• **WHAT YOU WILL DO**
For the data below, retype word for word the lines from the one containing "And first thing" through the one containing "Let's briefly look"; drop the pictures.

*** INFORMATION GIVEN

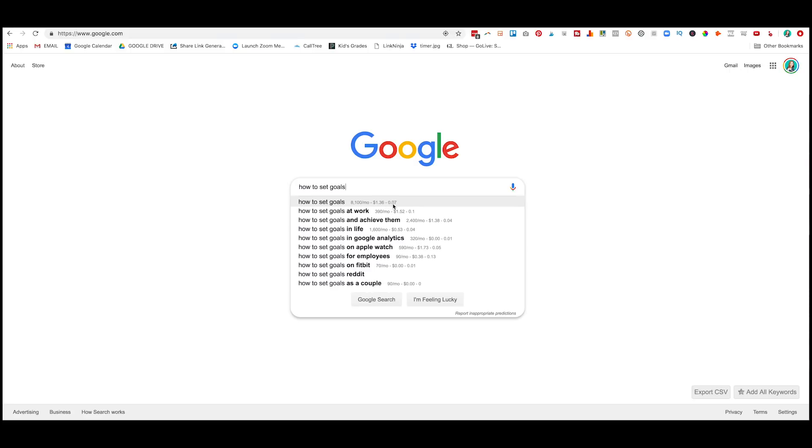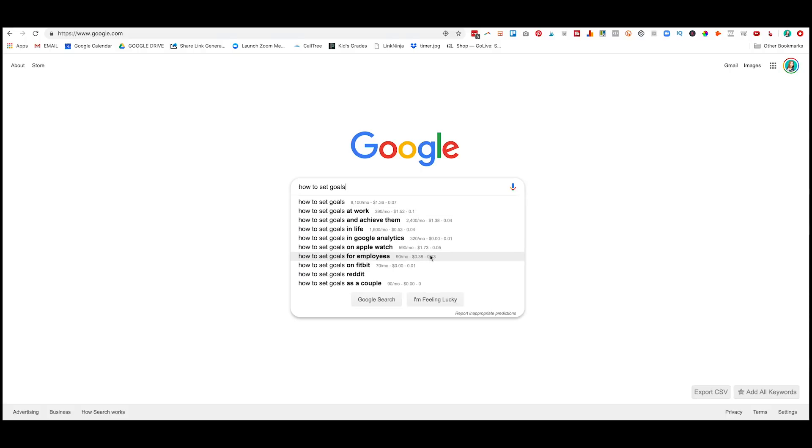But this third number is one you shouldn't ignore. This is the level of competition this keyword has. Now it's kind of hard to read this, but essentially what it is, is a scale from 0 to 1. So 0.07 is less competitive than 0.1. Then if you look down here, 0.13 is more competitive than 0.04. So look at it like a fraction on a scale of 0 to 1.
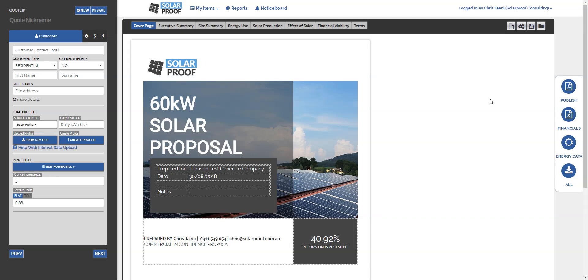Hey guys, it's Chris here from SolarProof. In this video we're going to go through how to upload an interval data file into SolarProof so that you can use it as your consumption data.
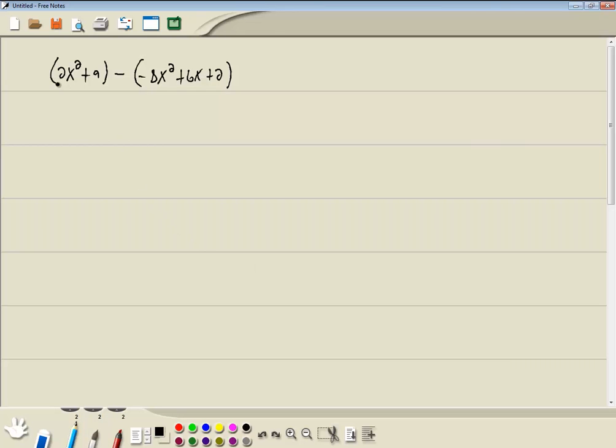And first thing we do is deal with the parentheses. Well this first set of parentheses isn't doing anything, so we just drop it. So we got 2x squared plus 9.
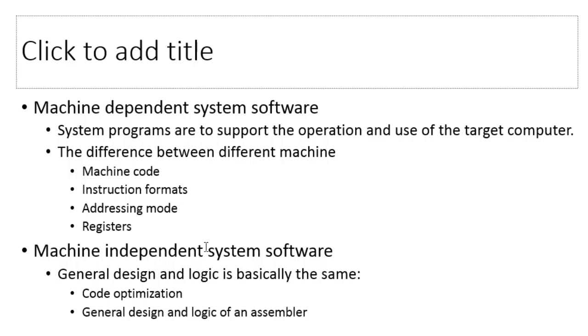Just as an example, if we take Intel's 8086 architecture, it has eight registers used for programming, each of size 16 bits. While if you consider ARM7 TDMI architecture, it has 37 registers, 16 of them available for the programmer at a time, each of size 32 bits. This example shows that machine code, instruction formats, addressing modes, and registers vary from one machine to another.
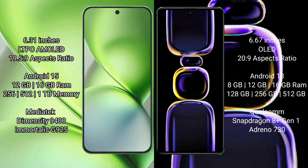Storage options include 256GB, 512GB, or 1TB internal storage. It has MediaTek Dimensity 9400 processor and Mali G925 GPU.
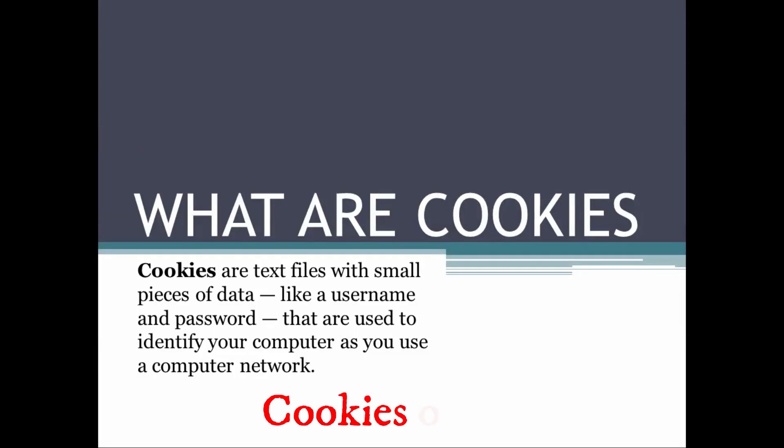Welcome again, and today we'll be learning about cookies. What are cookies and how can you clear them from your browser?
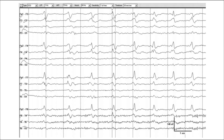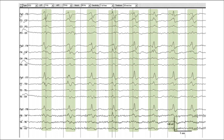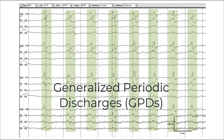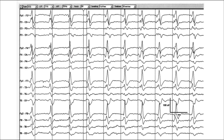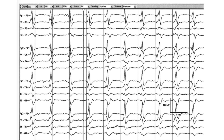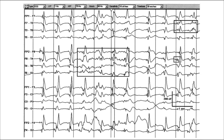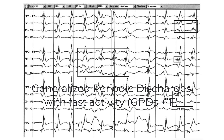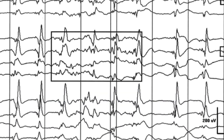Let's briefly look at some examples — starting with the first term, then the second term, then any modifiers. Here we see a pattern that is periodic with discharges occurring every second or two, generalized in both hemispheres with roughly the same morphology on left and right — generalized periodic discharges. Here is another example of generalized periodic discharges. And here is an example of generalized periodic discharges with superimposed fast activity, so we add the modifier plus F because there is associated fast activity with many of these discharges.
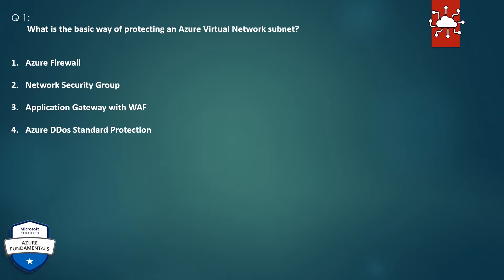Question 1. What is the basic way of protecting an Azure virtual network subnet? 1. Azure Firewall. 2. Network Security Group. 3. Application Gateway with WAF. 4. Azure DDoS Standard Protection.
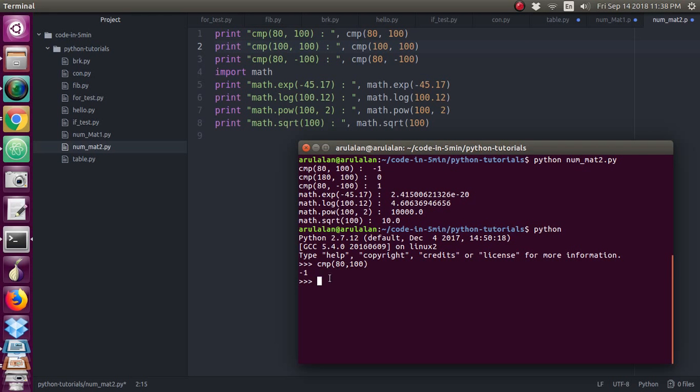This is the function which will give you the value. If x is less than y, it will give the value of minus 1. Just consider 80 is x and 100 is y, so 80 is less than y, so it will give minus 1. If it is equal, it will give 0. If it is greater, it will give 1.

******

• **RESPONSE AREA**
And first thing we do is deal with the parentheses. Well this first set of parentheses isn't doing anything, so we just drop it. So we got 2x squared plus 9.
Just as an example, if we take Intel's 8086 architecture, it has eight registers used for programming, each of size 16 bits. While if you consider ARM7 TDMI architecture, it has 37 registers, 16 of them available for the programmer at a time, each of size 32 bits. This example shows that machine code, instruction formats, addressing modes, and registers vary from one machine to another.
Storage options include 256GB, 512GB, or 1TB internal storage. It has MediaTek Dimensity 9400 processor and Mali G925 GPU.
Welcome again, and today we'll be learning about cookies. What are cookies and how can you clear them from your browser?
Let's briefly look at some examples — starting with the first term, then the second term, then any modifiers. Here we see a pattern that is periodic with discharges occurring every second or two, generalized in both hemispheres with roughly the same morphology on left and right — generalized periodic discharges. Here is another example of generalized periodic discharges. And here is an example of generalized periodic discharges with superimposed fast activity, so we add the modifier plus F because there is associated fast activity with many of these discharges.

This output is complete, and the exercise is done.